Pirate stronghold in the Bahamas (1713–1718)

The Flying Gang was an 18th-century group of pirates who established themselves in Nassau, New Providence, the Bahamas after the War of the Spanish Succession and the sinking of the Spanish 1715 Treasure Fleet. The gang consisted of many famous pirates of the time, and they terrorized and pillaged the Caribbean until the Royal Navy and infighting led to their disestablishment. They achieved great fame and wealth by raiding salvagers attempting to recover gold from the sunken Spanish treasure fleet. They established their own codes and governed themselves independent from any of the colonial powers of the time. Nassau was deemed the Republic of Pirates as it attracted many former privateers looking for work to its shores.

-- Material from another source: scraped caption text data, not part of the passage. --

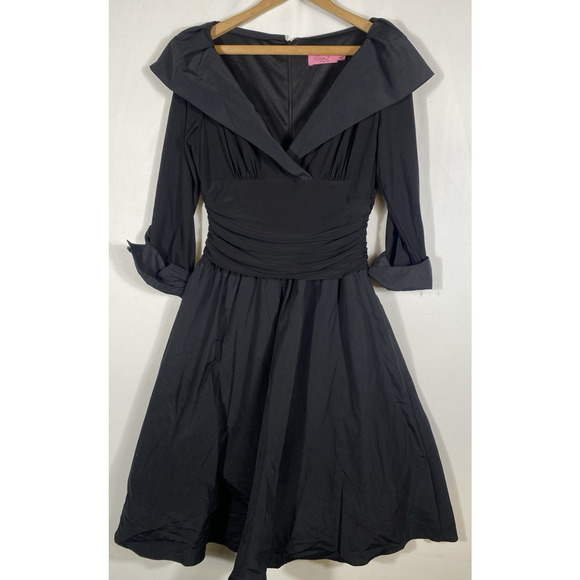 Eliza J Dress Size 10 Black Formal Fit & Flare 1950s Style Jersey Knit Satin - Picture 5 of 13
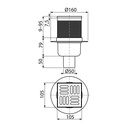 Sifon pardoseală 105×105/50 mm ieşire verticală APV2 grătar din oţel inoxidabil, sistem de reţinere a mirosurilor umed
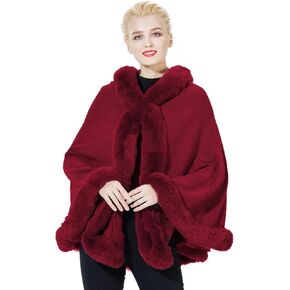 SUFCOMOU Poncho Hooded Shawl Wrap Women Cape Winter Faux Fur Trim Coat Sleeveless Cardigan Dressy Cloak for Party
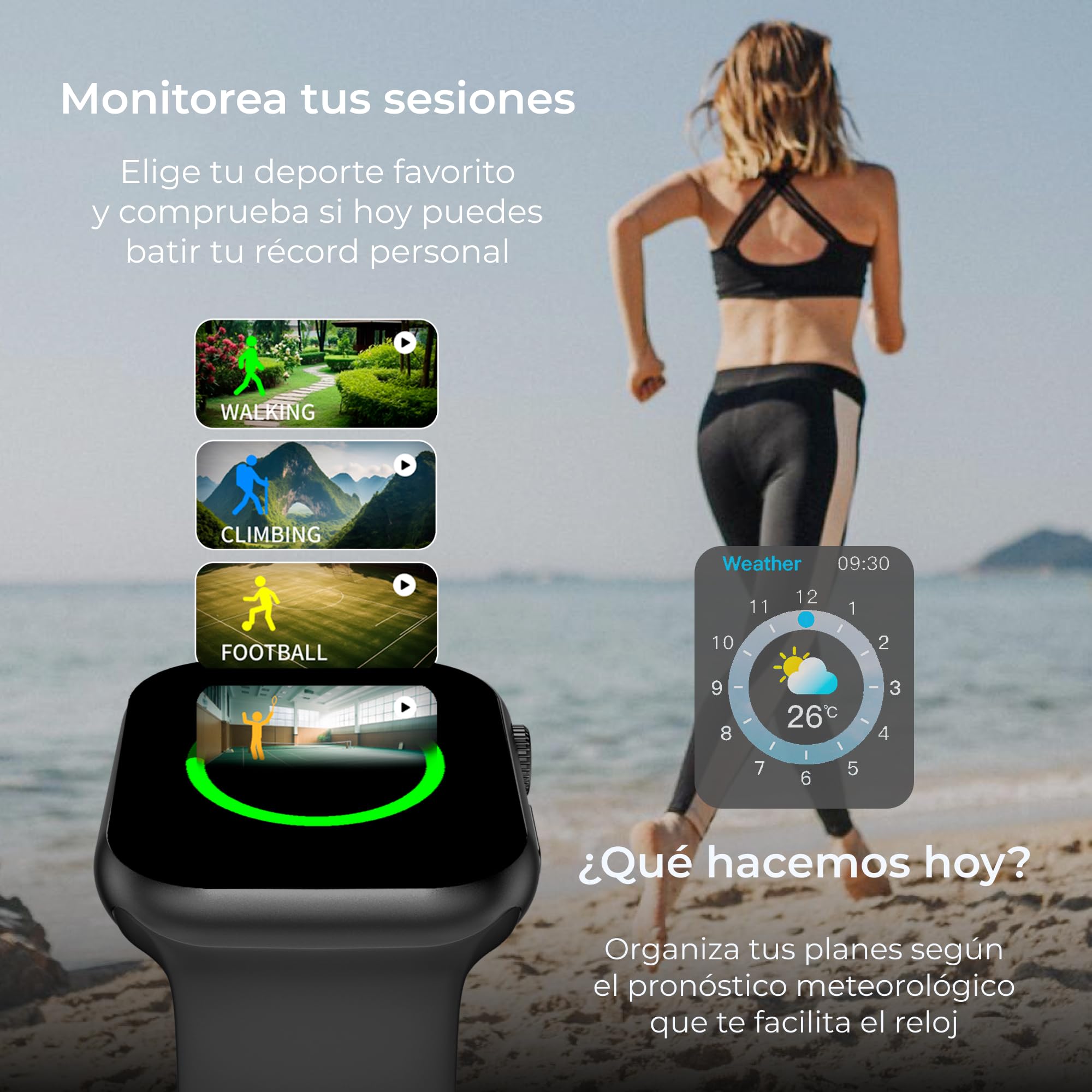 KSIX Smartwatch Urban 5 Czarny - Inteligentny zegarek męski i damski z połączeniami, wiadomościami, asystent głosowy, Smartwatch dla mężczyzn i kobiet, z 5 monitorami zdrowia, zegarek z trybami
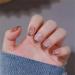 Press on Nails Short Fake Nails 24Pcs Shiny False fingernail with Self-Adhesive Jelly Nail Glue Tabs Press On False Nails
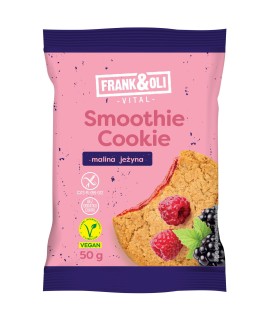 Frank & Oli Smoothie Cookie Raspberry & Blackberry Μαλακό Μπισκότο Βρώμης με Γέμιση από Σμέουρα & Βατόμουρα 50g
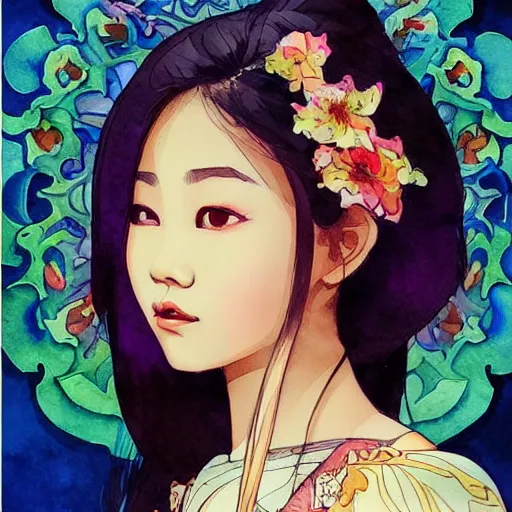 Image similar to Watercolor painting style, beautiful Thai girl by kittichai rueangchaichan, floralpunk, Artstation, art nouveau aesthetic, Alphonse Mucha background, intricate details, photo realistic, dramatic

While it was not a republic in a formal sense, it was governed by an informal pirate code, which dictated that the crews of the Republic would vote on the leadership of their ships and treat other pirate crews with civility. The activities of the pirates caused havoc with trade and shipping in the West Indies until newly appointed Royal Governor of the Bahama Islands Woodes Rogers reached Nassau in 1718 and restored British control. Rogers, a former privateer himself, offered clemency to the pirates of the Bahamas, known as the "King's Pardon", an offer many pirates took advantage of. Though a few returned to piracy in the following years, British control of the Bahamas had been secured.

==History==

The era of piracy in the Bahamas escalated in 1696, when the privateer Henry Every brought his ship, the Fancy, loaded with loot from plundering Indian trade ships into Nassau harbour. Every bribed the governor Nicholas Trott with gold and silver, and with the Fancy itself, still loaded with 50 tons of elephant tusks and 100 barrels of gunpowder. This established Nassau as a base where pirates could operate safely, although various governors regularly made a show of suppressing piracy. While the governors were still legally in charge, the pirates became increasingly powerful.

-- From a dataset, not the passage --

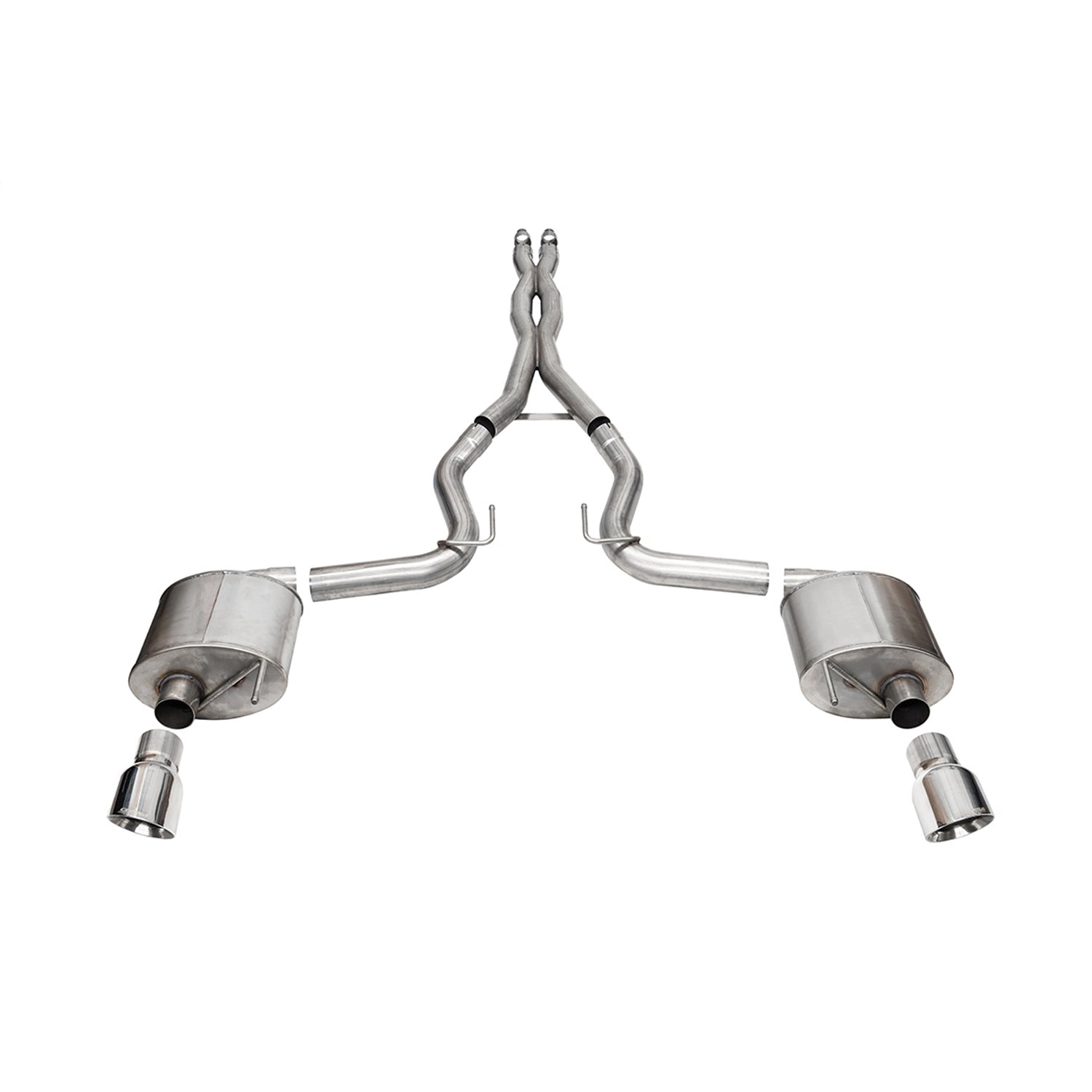 3in Cat-Back Dual Rear Exit w/ 4.5in Polished Tips <br> 2024-2025 Ford Mustang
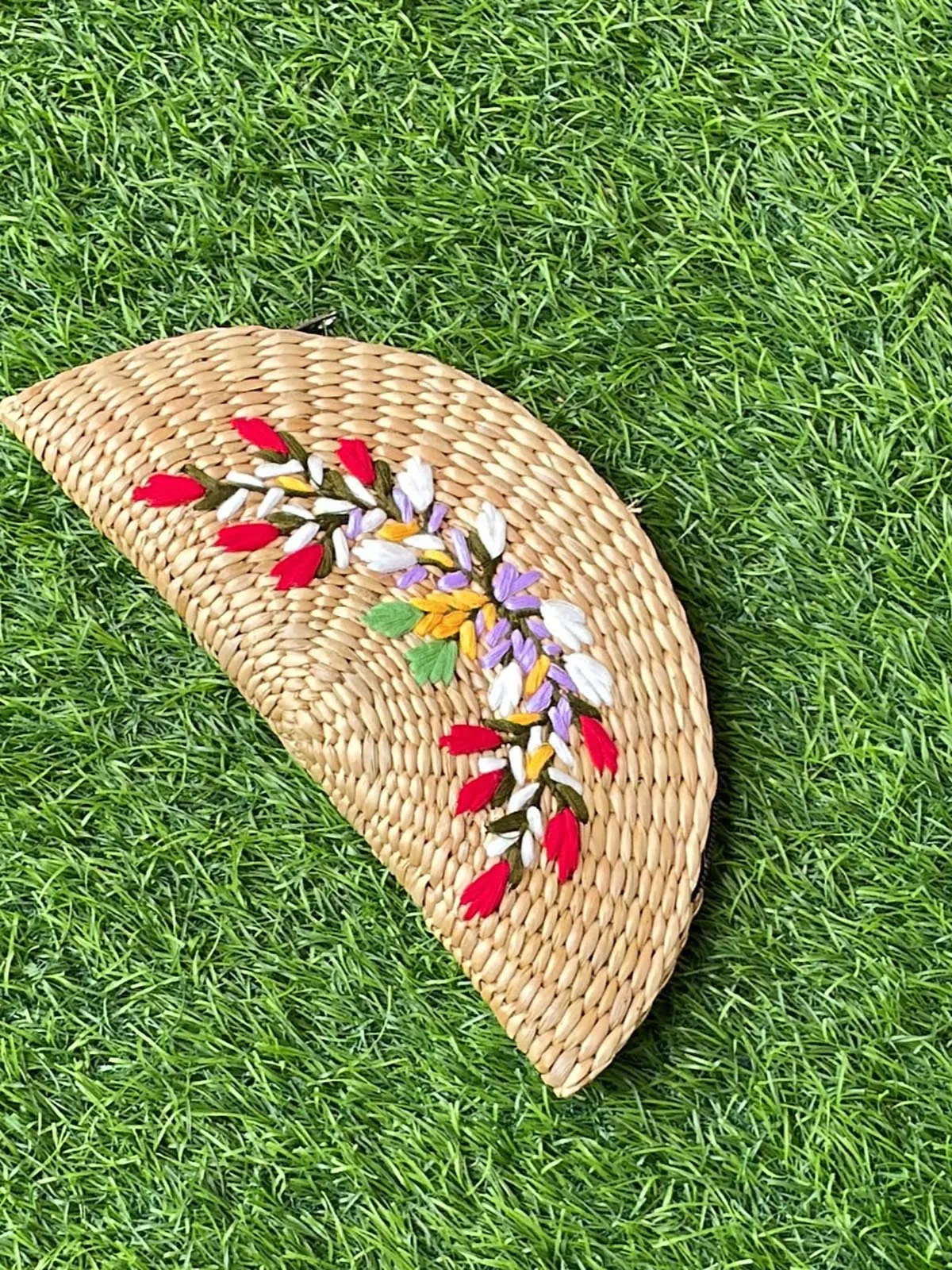 Embroidered Kouna Grass Clutch Small Flowers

In 1703 a combined Franco-Spanish fleet attacked Nassau, and again in 1706; the island was effectively abandoned by many of its settlers and left without any English government presence. Nassau was eventually taken over by English privateers, who became completely lawless pirates over time, attacking French and Spanish ships. Pirates established themselves in Nassau, effectively creating their own republic with its own governors. By 1713, the War of the Spanish Succession was over, but many British privateers were slow to get the news, or reluctant to accept it, and so slipped into piracy. This led to large numbers of unemployed privateers making their way to New Providence, swelling its numbers. 1713 saw the first outright piracy using Nassau (New Providence) as a base, when John Cockram raided off Florida. The republic was dominated by two famous pirates who were bitter rivals – Benjamin Hornigold and Henry Jennings. Despite their rivalries, the pirates formed themselves into the Flying Gang around 1715 and quickly became infamous for their exploits. The Governor of Bermuda stated that there were over 1,000 pirates in Nassau at that time and that they outnumbered the mere hundred inhabitants in the town.

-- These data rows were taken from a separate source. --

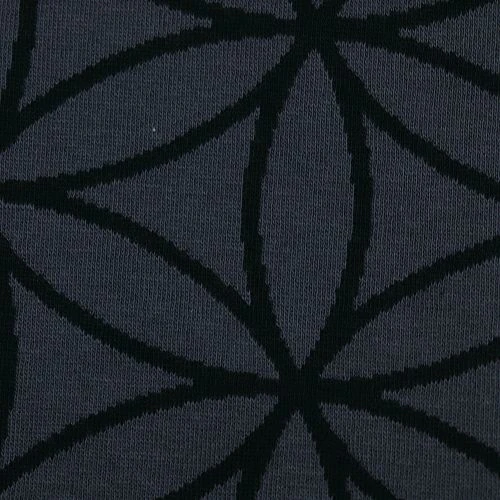 Bio Strickjacquard Blume Des Lebens In Grau Schwarz Von Stoffonkel 3 Bio Strickjacquard Blume Des Lebens In Grau Schwarz Von Stoffonkel – Bild 3
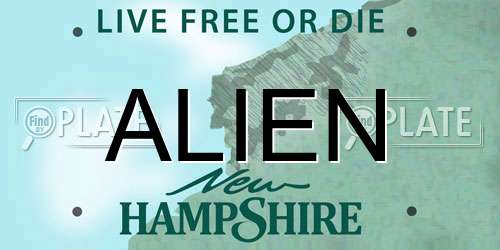 ALIEN New Hampshire License Plate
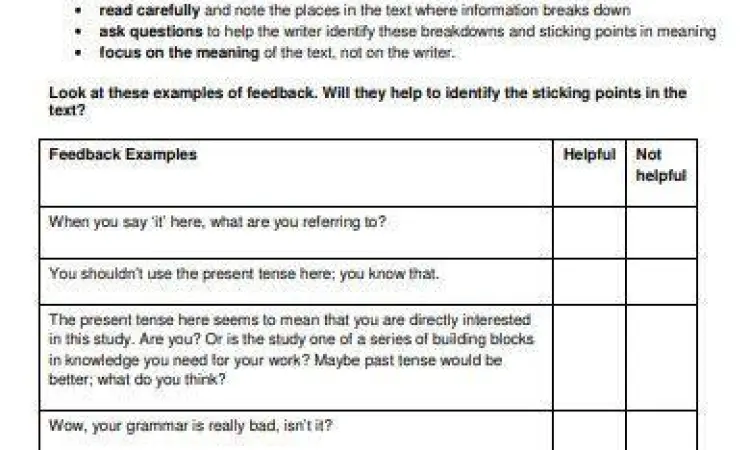 Menulis umpan balik yang konstruktif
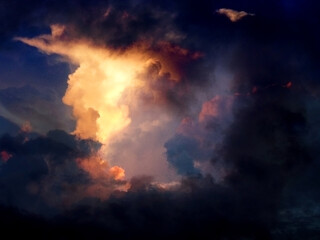 Canvas Print - Sun rays breaking through cloud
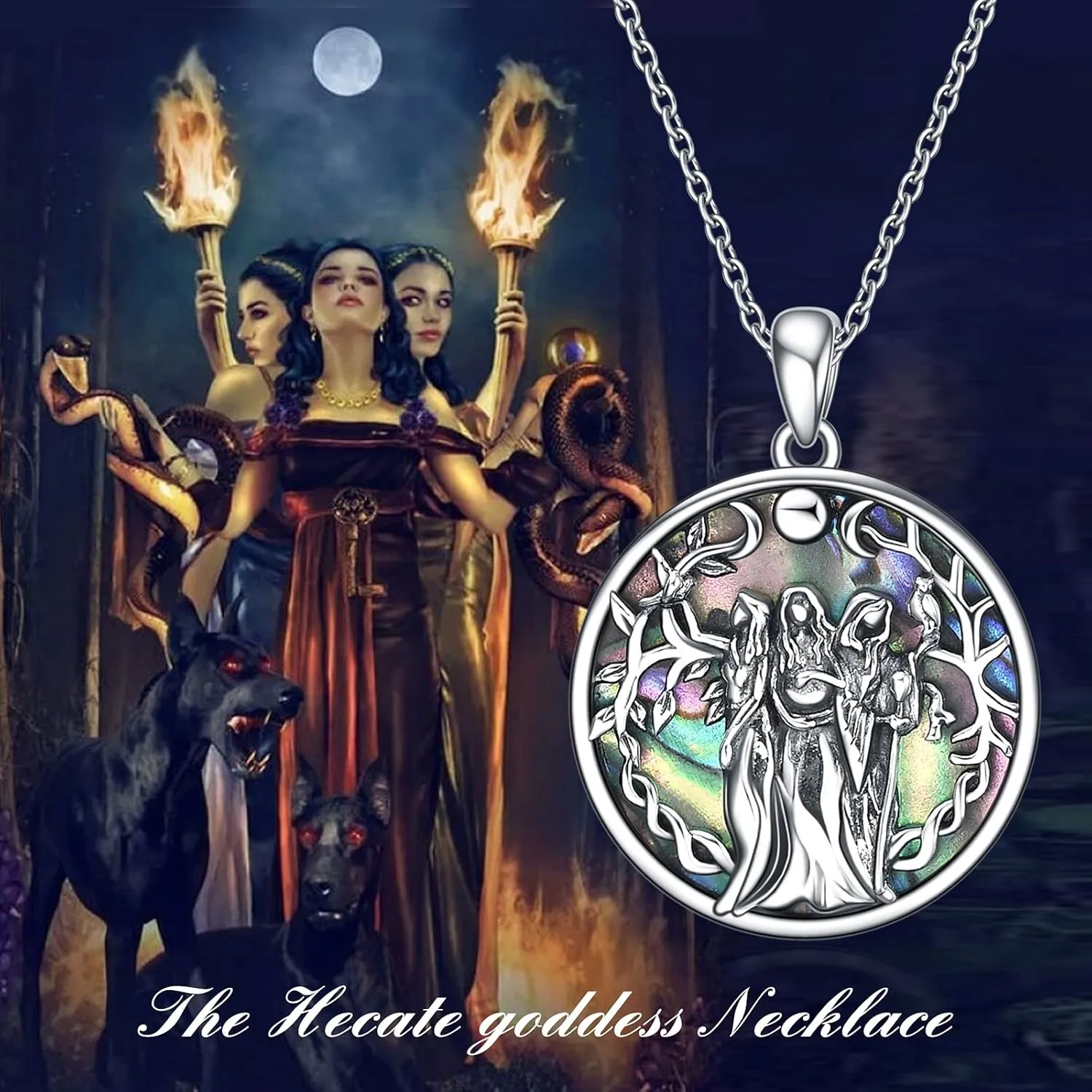 TIGER RIDER Triple Moon Goddess Necklace Sterling Silver Pagan Wiccan Magic Amulet Tree of Life Jewelry for Women Men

Pirate Thomas Barrow declared "that he is Governor of Providence and will make it a second Madagascar, and expects 5 or 600 men more from Jamaica sloops to join in the settling of Providence, and to make war on the French and Spaniards, but for the English, they don't intend to meddle with them, unless they are first attack'd by them." The amount of havoc caused by the pirates led to an outcry for their destruction, and finally King George I appointed Woodes Rogers as royal governor of the Bahamas to bring the piracy to an end, and offered a pardon to all pirates who turned themselves in.

===End of the Gang===

News of the King's Pardon was brought first from Bermuda in 1717, then by Captain Vincent Pearse of , and received a mixed reception, some of those rejecting the pardon being Jacobites. Pearse made a list of 209 pirates on New Providence – fewer than half the pirates on the island – who stated their intention to take the pardon. Taking full control of Nassau, however, proved difficult for Pearse as many pirates, including Charles Vane, had negative reception of his presence. Although Pearse captured Vane during his early tenure in the Republic, upon release Vane troubled Pearse constantly, even managing to steal a sloop and firing a musket volley at the crew of HMS Phoenix. Pearse later abandoned Nassau by the middle of the year.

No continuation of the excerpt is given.